▶ [Exercise details]:
Please set down exactly the lines from the one containing "curd in brown wooden bowl closeup" through the last line of the records below, both included, with no pictures.

▶ [Supplied records]:
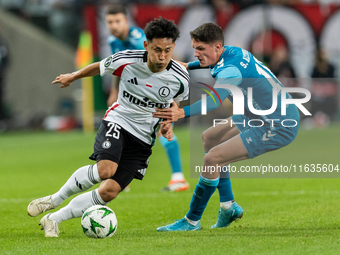 Ryoya Morishita and Sergi Altimira  are playing during UEFA Conference League match between Legia Warsaw and Real Betis in Warsaw Poland on...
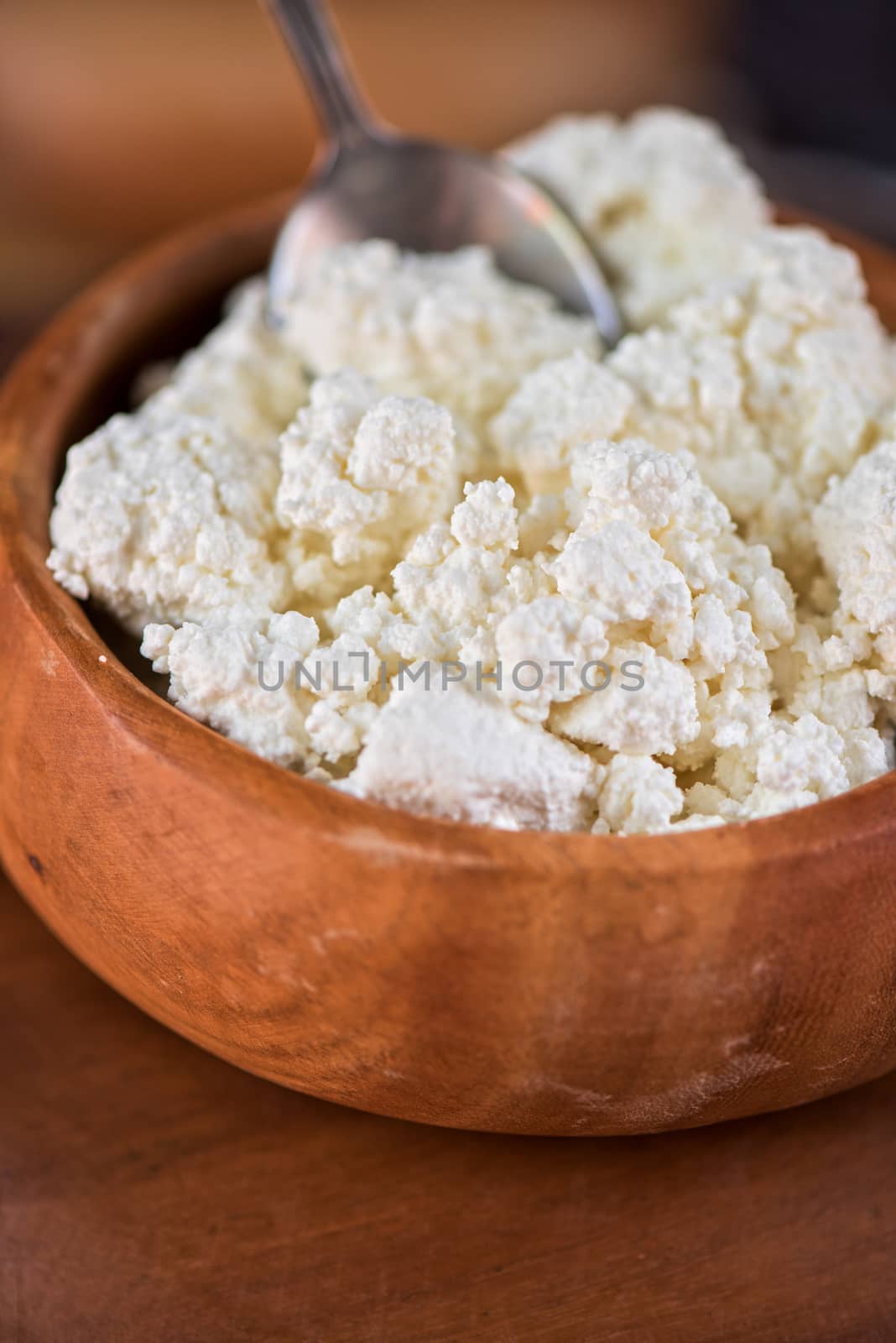curd in brown wooden bowl closeup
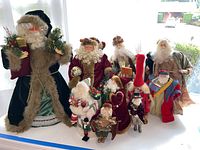 Grouped view of 10 Santa Claus figurines showing varied sizes and decoration styles on white surface in front of window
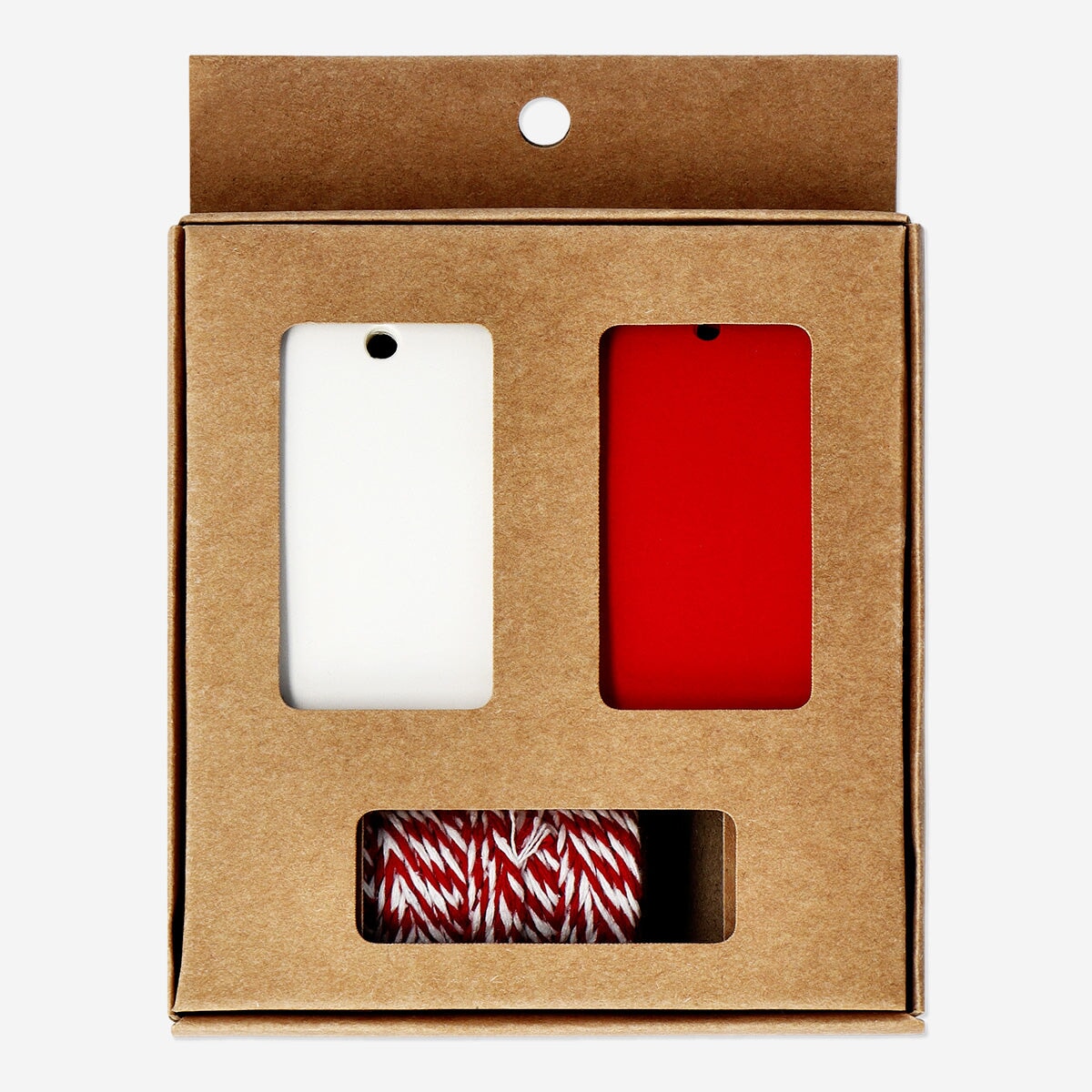 Party gift decoration set with red ribbon and gift tags from Flying Tiger Copenhagen, perfect for festive gift wrapping.
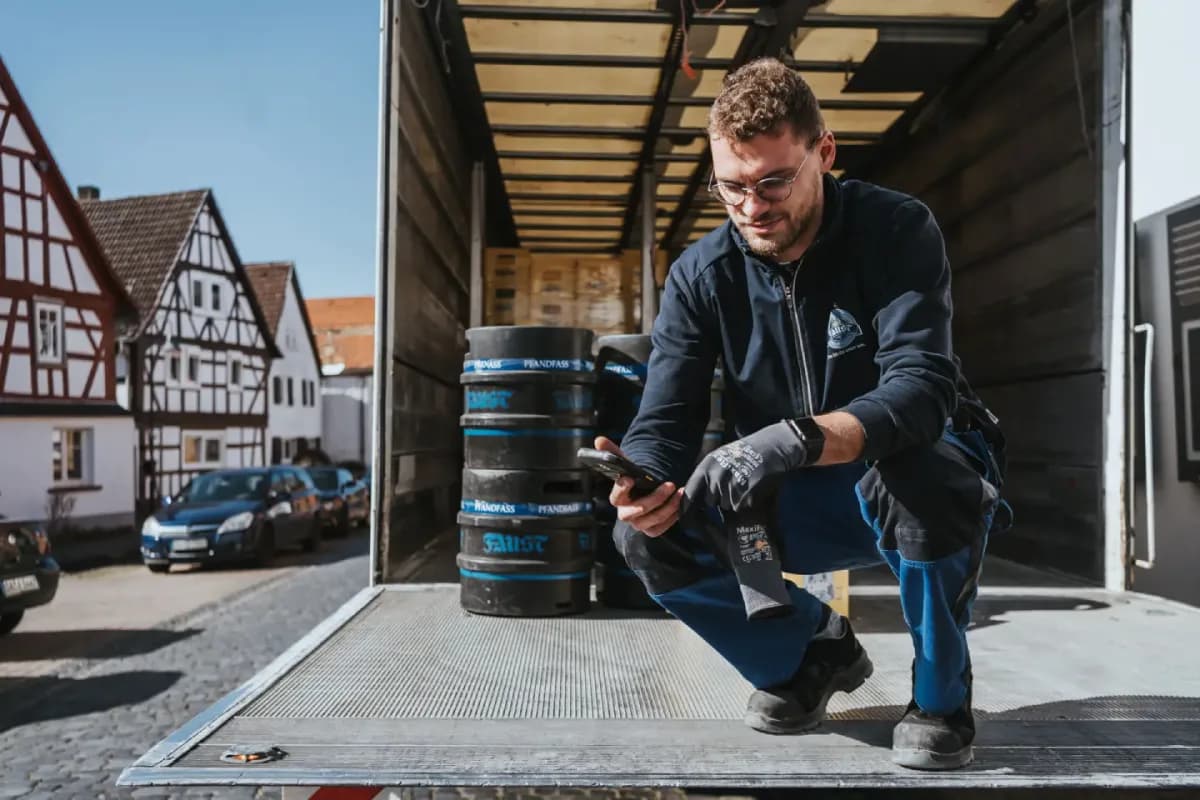 A delivery driver using a handheld device at the tailgate of a loaded truck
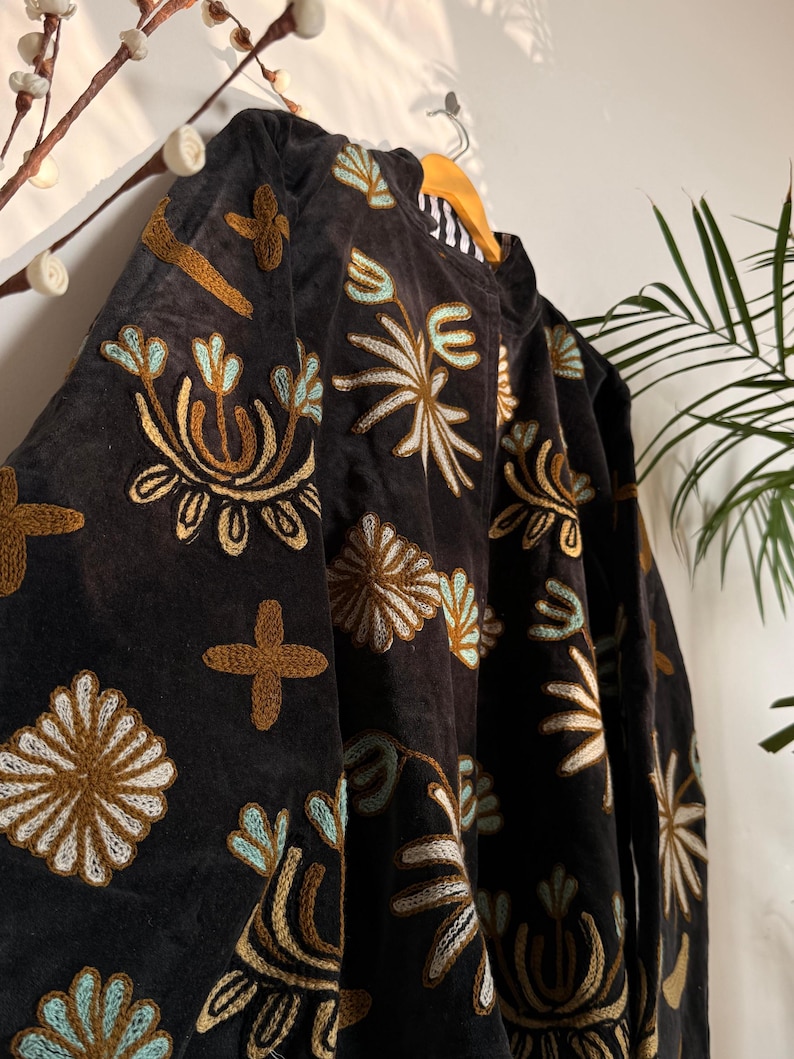 Puede incluir: Una chaqueta de color gris carb&oacute;n oscuro con bordados intrincados en tonos amarillo mostaza, azul claro y blanco. El dise&ntilde;o consiste en motivos florales repetitivos, formas de estrella y patrones de cruz sobre la tela. La chaqueta tiene cuello alto.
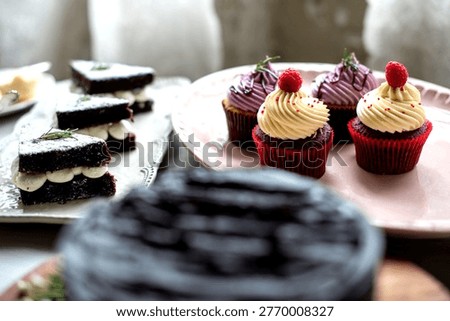 Assorted desserts on a table, featuring chocolate cake slices and red velvet cupcakes with cream frosting and raspberries.
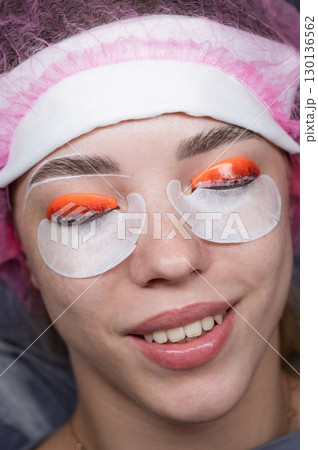 Caucasian woman undergoing eyelash lamination procedure. top view. Caucasian woman undergoing eyelash lamination procedure. top view. 130136562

▶ [Solution]:
curd in brown wooden bowl closeup
 Grouped view of 10 Santa Claus figurines showing varied sizes and decoration styles on white surface in front of window
 Party gift decoration set with red ribbon and gift tags from Flying Tiger Copenhagen, perfect for festive gift wrapping.
 A delivery driver using a handheld device at the tailgate of a loaded truck
 Puede incluir: Una chaqueta de color gris carb&oacute;n oscuro con bordados intrincados en tonos amarillo mostaza, azul claro y blanco. El dise&ntilde;o consiste en motivos florales repetitivos, formas de estrella y patrones de cruz sobre la tela. La chaqueta tiene cuello alto.
 Assorted desserts on a table, featuring chocolate cake slices and red velvet cupcakes with cream frosting and raspberries.
 Caucasian woman undergoing eyelash lamination procedure. top view. Caucasian woman undergoing eyelash lamination procedure. top view. 130136562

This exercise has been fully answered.